Who was Sir Robert Brooke-Popham?
Sir Robert Brooke-Popham (1878-1953), who is played by Sam Cox in the drama, was the Commander-in-Chief of the British Far East Command (i.e. the top military leader) until he was replaced a few weeks before Singapore fell to Japanese troops. As Farrell writes him (and as Cox plays him), he is a weak and indecisive leader who prevaricates on taking action until it is too late.
The real Brooke-Popham was an Air Force man, who served in the Royal Flying Corps during the First World War and then steadily climbed the ranks, becoming Governor of Kenya in the 1930s. That was a post he left at the start of the Second World War in 1939, and the following year (at the age of 62) he was given the Commander-in-Chief role with responsibility for defence matters in Singapore, Malaya (now "Malaysia"), Burma, and Hong Kong.
Things did not go well, to put it mildly.
Brooke-Popham was not given any authority over the Royal Navy ships and troops in the area; he had insufficient planes and anti-aircraft guns to mount an aerial defence; military resources were directed elsewhere, and he was lacking in tanks. His plan to protect Malaysia, Operation Matador, was a failure of botched timing and limited British forces – though to what extent this was Brooke-Popham's fault, or the fault of the top brass in London, is a matter for debate.

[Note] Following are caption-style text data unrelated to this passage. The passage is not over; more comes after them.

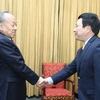 Phó Thủ tướng, Bộ trưởng Ngoại giao Phạm Bình Minh tiếp ông Lý Triệu Tinh. (Ảnh: Lâm Khánh/TTXVN)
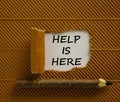 Support and help is here symbol. Words `help is here` appearing behind torn brown paper. Beautiful brown background. Wooden penc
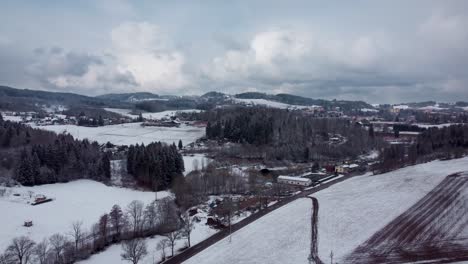 snowy rural landscape of czechia with beautiful clouds, flying forward
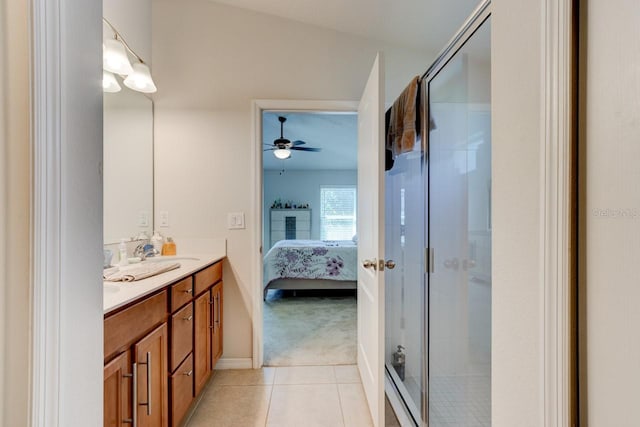 full bathroom featuring tile patterned floors, double vanity, a stall shower, and ensuite bathroom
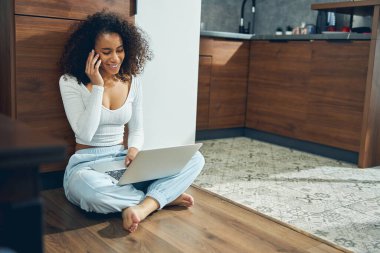 Kulağına zımbırtı dayamış gülümseyen kadın.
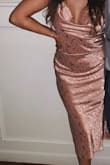 I wore this to a wedding, and I promise you I got 10 or more compliments in this thing. The fabric is yummy, silky and the cowl neck line is the perfect amount of cleavage. The straps are adjustable, but slide a bit if moving around or dancing. I have a large booty and bust (i didn't wear a bra with it). The slit with my large behind was a bit of an issue with sitting down...I had to hold the dress closed cause the slit showed my whole upper thigh. Also, the dress is easily snaggable with jewelry, so be careful with that. I felt like the hottest person at the wedding, and you will too! I'm usually a medium, but sized down due to previous reviews and I'm glad I did. the small fit like a glove. - Mackenzie G.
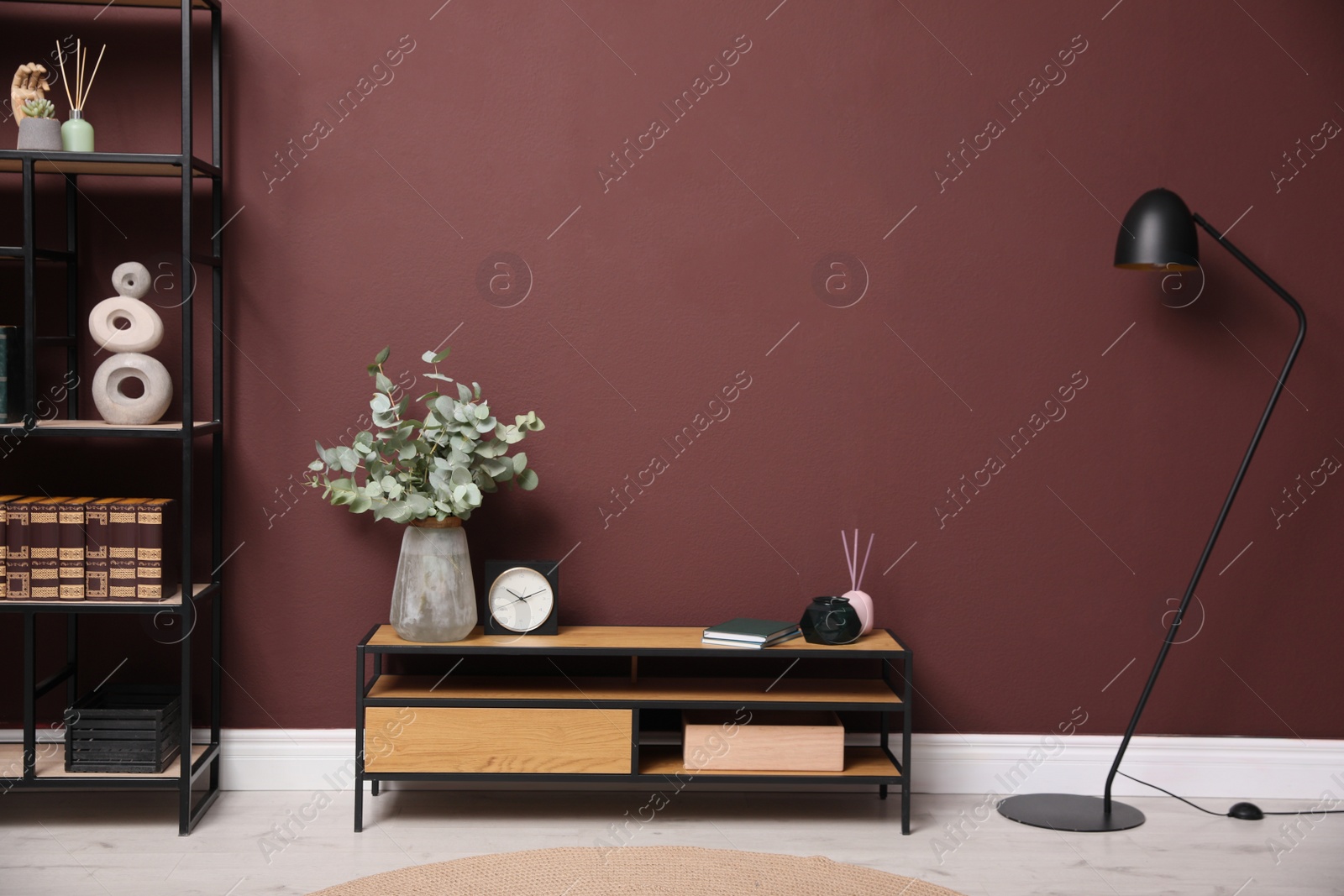 Photo of Elegant room interior with wooden cabinet, shelving unit and floor lamp near brown wall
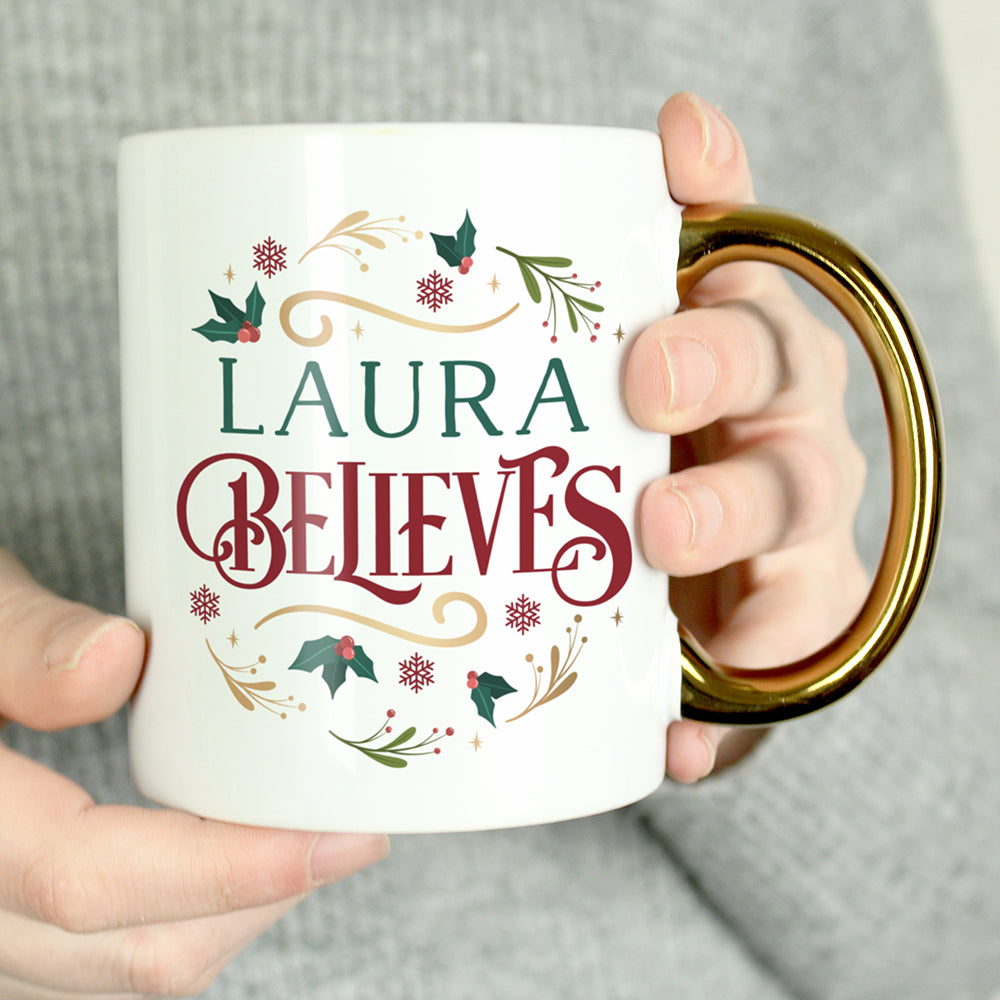 Personalised Believes In Christmas Gold Handled Mug Peach Bomb Fashion, Jewellery, Homeware & Gifts Mugs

As the Japanese advance continued, a decision was made to replace Brooke-Popham who seemed near nervous collapse. That decision was finally carried out in December 1941 at the height of the battle for Malaya, with Lieutenant-General Sir Henry Pownall taking over the job.
Shortly afterwards, on 15th February 1942, Singapore fell to the Japanese. Brooke-Popham bore public blame for the defeat, and lived the final decade of his life largely in retirement.
Who was the real General Percival?
General A Percival, who is played by Richard Lumsden in the drama, commanded British Commonwealth forces in Malaya and Singapore. He was the one who had to surrender to Japan.
Having served in the First World War, Percival (1887-1966) went on to fight in Russia and Ireland in the interwar decades. (His behaviour in Ireland is the subject of particular controversy, and he has been accused of being sadistic and vindictive towards the Irish.)
Over the years he rose up the ranks, and in April 1941 was sent off to Malaya to become General Officer Commanding (GOC). He set about training his troops and trying to establish defences, but on 8th December 1941 – an hour before the attack on Pearl Harbour which brought the USA into the war – the Japanese launched its assault on Malaya.
The Japanese advanced rapidly, and Percival was forced to order a general retreat. Finally, after Japanese troops landed on Singapore island and closed in on the city, Percival agreed to surrender. As pictured above, he personally marched under a white flag to the Old Ford Motor Factory for the meeting to negotiate the surrender, which took place on 15th February 1942. The question of how far he was culpable for the fall of Singapore has been hotly debated.
After the surrender, Percival was held as a prisoner-of-war Singapore, Formosa, then Manchuria. He later campaigned for compensation for former POWs.
Who was the Governor, Sir Shenton Thomas?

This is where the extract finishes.